ESCANABA - The public is invited to a meeting this Tuesday to express their concerns over the possible relocation of a stretch of County Road 497. A public meeting will be held June 19 at 6 p.m. in the Delta County Circuit Courtroom, following the County Board of Commissioners regular board meeting.
The U.S. Forest Service is proposing moving part of County Road 497 for approximately one-half mile, as it is being approached by the Sturgeon River along a meander bend. The road runs on Hiawatha National Forest land from U.S. 2, near Mac's Bar, down to the village of Nahma.
According to the forest service, action is needed to continue providing safe access for the public along the road, while maintaining the "outstandingly remarkable" values and characteristics of the Sturgeon River. A decision is also needed to comply with the federal Wild and Scenic Rivers Act, which was established to protect the last of the nation's remaining wild rivers.
Jason Raiche | Daily Press
Hiawatha National Forest District Ranger David Silvieus, right, overlooks an area of the Sturgeon River approaching County Road 497 at a meander bend. The road runs from U.S. 2, near Mac’s Bar, to the village of Nahma.
"The action is needed because the Sturgeon River, through its natural geomorphic processes, is shifting closer to the road," said Hiawatha National Forest District Ranger David Silvieus. "It's likely to undercut the road banks and jeopardize safe usage of the road within a few years."
If relocated, approximately 2,700 feet of the road would be moved to the west approximately 120 feet. The relocation would utilize an existing former railroad grade and power line corridor and would include all necessary clearing, shoulder and ditch work and paving. The railroad grade and power line clearing currently is approximately 40 feet wide, but an additional 13 feet on each side would be cleared with the electrical line buried. The forest service is estimating this would cost between $450,000 to $500,000, which includes the cost of burying the power line.
Another alternative would be a modified relocation, which is the same as the proposed action but would follow a preliminary design provided by the Delta County Road Commission. This alternative would connect the tangents of two curves to the north and south of the river oxbow and would not require the relocation of the power line. The estimated cost for this option would be $400,000 to $450,000.
The forest service is also exploring other alternatives such as cutting a new channel with an excavator where the river would likely make its own cutoff, or stabilizing the bank with living plant material on erosive slopes instead of using man-made materials or rock riprap. The forest service estimates these options would cost approximately $430,000 and $406,000, respectively.
Silvieus said the forest service received public comments back in December, and hopes a decision will be made on the issue by the end of September.
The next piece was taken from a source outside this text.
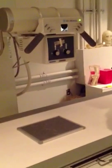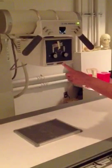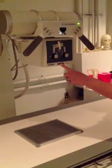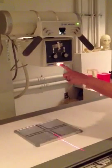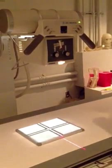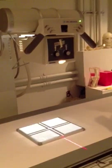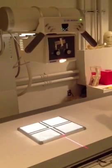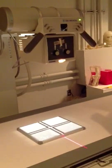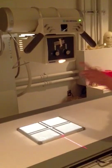Alright, the next button we're going to talk about is the one that turns on the light so that you can visualize where exactly your exposure is going to be coming across the patient.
The forest service would then seek funding for the project.
"Since our funds come year to year, we don't have the funds for fiscal year 2012," explained Silvieus. "We'll be seeking the funds for fiscal year 2013, which actually starts Oct. 1."
He said if the forest service receives the appropriation in fiscal year 2013, they could start working on whatever project is decided upon in summer 2013. However, Silvieus thinks the funding would more realistically be secured in 2013, with work beginning in 2014.
Rory Mattson, executive director of the Delta Conservation District and member of the Delta County Road Commission, said the county and road commission are not in favor of relocating the road, and favor the other two alternatives.
"Mostly, it's the cost," said Mattson. "It's ridiculous to move a brand-new road."
He said the road, which was built in 2008 at the cost of $1.5 million used federal money to be implemented. At that time, he said when meeting officials from the forest service and other agencies, no one had any issues regarding the road's close proximity to the river.
Mattson also said the approximate $450,000 cost estimate to relocate the road is an old figure, and that this total would now be closer to $800,000 or more. He asserted that cost estimates by the forest service for the other options are also much higher than what they should cost.
"We definitely want the public to know that we are not in favor of spending people's money in this way," said Mattson.
"If they tear it up, not only are they spending $800,000 plus, but giving up the taxpayers' money for the original road," he said.
Silvieus said the county has been good to work with, but acknowledged the alternatives the county favors are also costly.
"It's going to be expensive to do the work in the river, and I think in the long run, the river is better protected by moving the road," said Silvieus, who added the forest service has been closely looking over the costs of the project and are listening to suggestions from the county and the public.
"The process that we're using is an interdisciplinary process," he said. "There's a team involved ... trying to come up with these alternatives and the best solution. I'm hopeful by the end of September we will have a decision and we'll be moving forward with trying to get the money to implement that decision."